Много было говорено о тиранских намерениях, которые Павел будто бы питал против своего семейства. Рассказывали, что он хотел развестись с императрицей и заточить ее в монастырь. Если бы даже Мария Федоровна не была одною из красивейших и любезнейших женщин своего времени, то и тогда ее кротость, благоразумие и уступчивый характер предотвратили бы подобный соблазн. Утверждали, будто он просил совета у одного духовного лица, и когда этот последний, приведя в пример Петра Великого, одобрил его намерение, государь обнял его, тотчас возвел в сан митрополита и поручил ему склонить императрицу сперва убеждениями, а потом угрозами.
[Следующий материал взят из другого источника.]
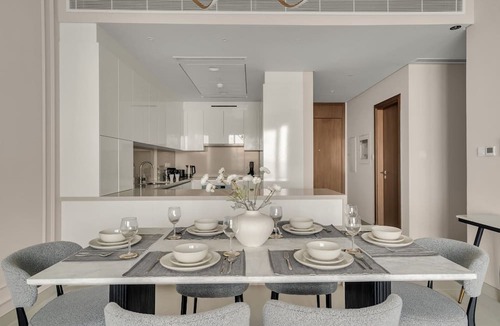 Al Safa Apartment | GuestReady - BurjKhalifa & Canal Views|2BR + Maids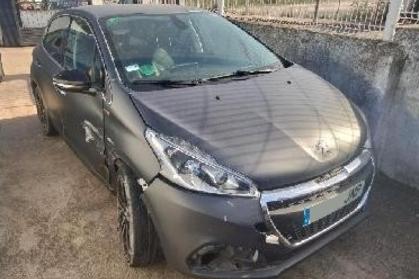 Compra y venta de coches rotos.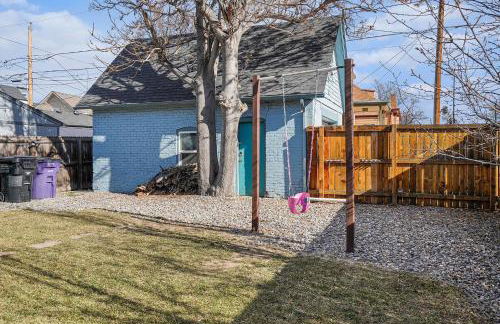 5-Bedroom Victorian Home Private Yard Sleeps 10 - Photo 20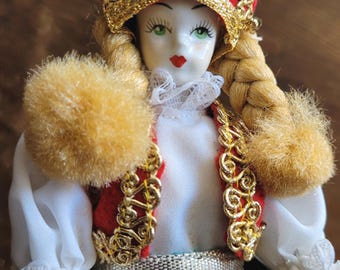 Muñeca de porcelana folclórica de Europa del Este, estilo vintage de los años 70, artículo de colección, recuerdo, hecha a mano en estudio, muñeca tradicional de 18 cm de altura.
Стоит только припомнить хотя один достоверный анекдот о чулках, которые Павел с такою любовью принес своей супруге, чтобы признать этот рассказ за выдумку. Людей вспыльчивых, не умеющих сдерживать себя при посторонних, принимают за дурных мужей, между тем как весьма часто именно такие люди наиболее любимы женами, которые лучше кого-либо знают их характер.
Одинаково сомнительным представляется рассказ о том, будто Павел хотел заключить в крепость обоих великих князей. Даже слова, произнесенные им в веселом расположении духа, за обедом, недели за две до своей смерти: «Сегодня я помолодел на пятнадцать лет», были истолкованы как относившиеся к этому предположению. Конечно, легко могло бы случиться, что в порыве гнева он приказал бы арестовать обоих великих князей на несколько дней. Но трудно допустить, чтобы ему когда-либо пришло в голову сослать их совершенно, ибо он всегда был и оставался нежным отцом. Он доказал это, между прочим, тем живейшим участием, которое принял в судьбе прекрасной своей дочери Александры Павловны.
Она была выдана замуж за палатина венгерского, который любил ее искренно. Император Франц оказывал ей также величайшее благорасположение, и это обстоятельство послужило первоначальным поводом к той ненависти, которую возымела к ней безгранично ревнивая императрица германская. К этому присоединилась еще другая, не менее важная причина. Красота, приветливое обхождение и благотворительность великой княгини очаровали венгерцев, в национальном одеянии которых она иногда являлась публично. Она покорила себе все сердца, и так как этот храбрый народ уже и без того нетерпеливо переносил господство Австрии, которая для Венгрии часто бывала не матерью, а мачехою, то в нем возникла и созрела мысль при содействии Павла совершенно отделиться от Австрии и возвести на венгерский престол великую княгиню Александру Павловну или, скорее, ее сына. Это было известно великой княгине, и она не без колебания изъявила на то свое согласие. Графиня Ливен также знала об этом предположении, но остерегалась преждевременно сообщить о нем императору, из опасения, чтобы он, по своему обыкновению, не воспламенился и не послал бы тотчас свои войска в Венгрию.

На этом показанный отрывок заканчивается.